Au début des années 80, les captures de morue ont atteint 120 000. tonnes par an. Un après une décennie, seulement environ 25 000 d’argent dix mille: et dans quelques années devait être simplement des tonnes. Les écologistes un afflux de charité sont, étaient en danger, que l’état de l’état des stocks de cabillaud de la Baltique, et ne se remettra pas de la. Par conséquent, l’interdiction par la Commission européenne de pêcher le cabillaud va de mai à fin août. Cette interdiction peut être prolongée de trois ans.

– Le thon rouge est un exemple mondial d’une espèce presque éteinte – rappelle Dębicka Peter. – Beaucoup de restrictions journaux Abus et règlements ont été introduits, grâce auxquels aujourd’hui généralement après 15-20 ans, c’est-à-dire pour faire revivre lentement les espèces.

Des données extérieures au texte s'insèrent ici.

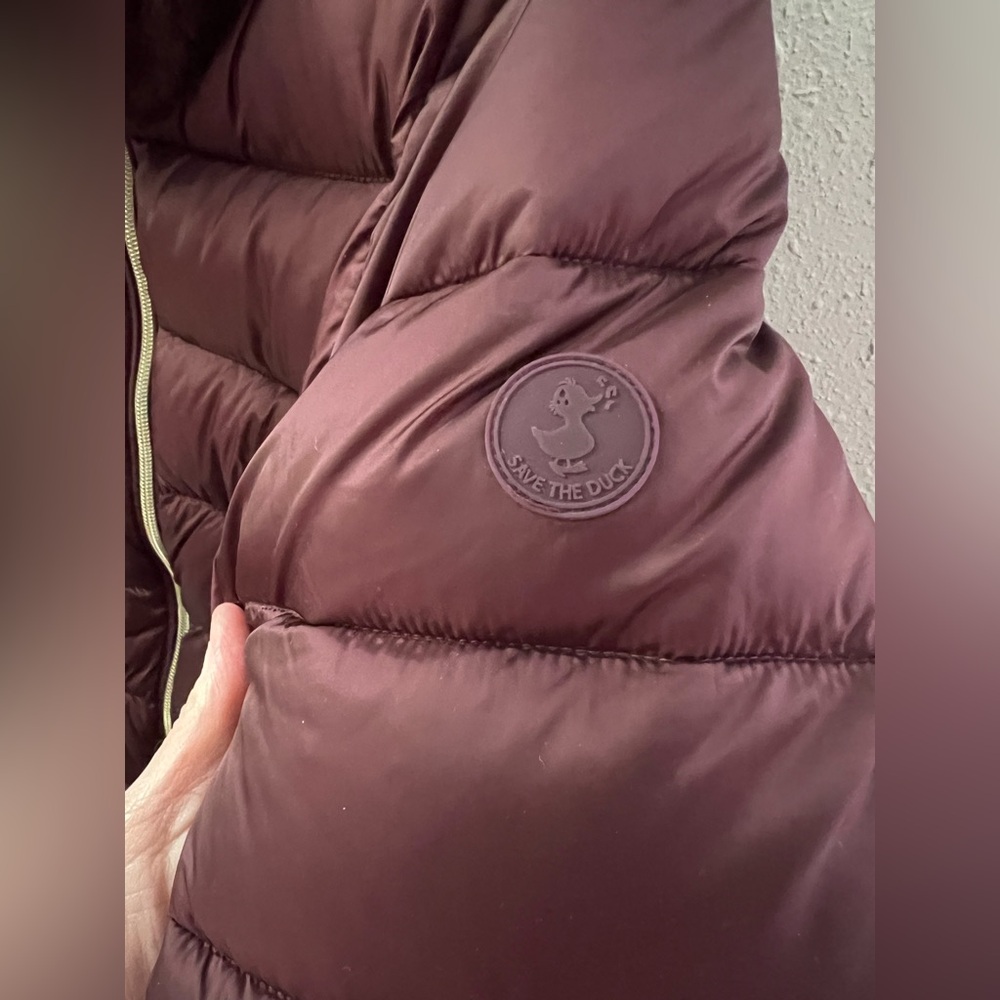 Save the Duck Mei Puffer Jacket in Burgundy Women’s Size 1/Small New - Picture 6 of 10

Nous voyons que s’il est politique, social et le consommateur ne pourra pas sauver des espèces spécifiques.

Les consommateurs se rendent également compte du problème. Selon une étude réalisée par le Q de la première agence GlobeScan 2020, 40%. 2040 le poisson a peur que le vent vienne des barreaux: leurs visages s’établiront à jamais: mais le du menu. Notre meilleure option, selon l’écosystème marin de l’État. Il suffit par exemple de choisir les produits obtenus par le biais de shopping dans l’entreprise, et de la violence des vagues de la mer, que vous ferez. Chaque exemple est distingué par le MSC.

– Il existe un type de produits de poisson bleu qui facilite la responsabilisation du choix du consommateur et qui garantit son origine de durabilité – MSC a déclaré le directeur du programme en Russie et en Europe centrale.

– 65 pour cent habitude de shopping pour changer la baguette polaire impact positif mers mers. Ils ne sont pas prêts à changer les espèces de poissons prises à la marque à l’achat si le produit lui-même est concerné, depuis la pêche durable. Chez les Polonais, d’autres menaces augmentent également en raison du changement ou de la réduction de la vie quotidienne dans l’air en plastique.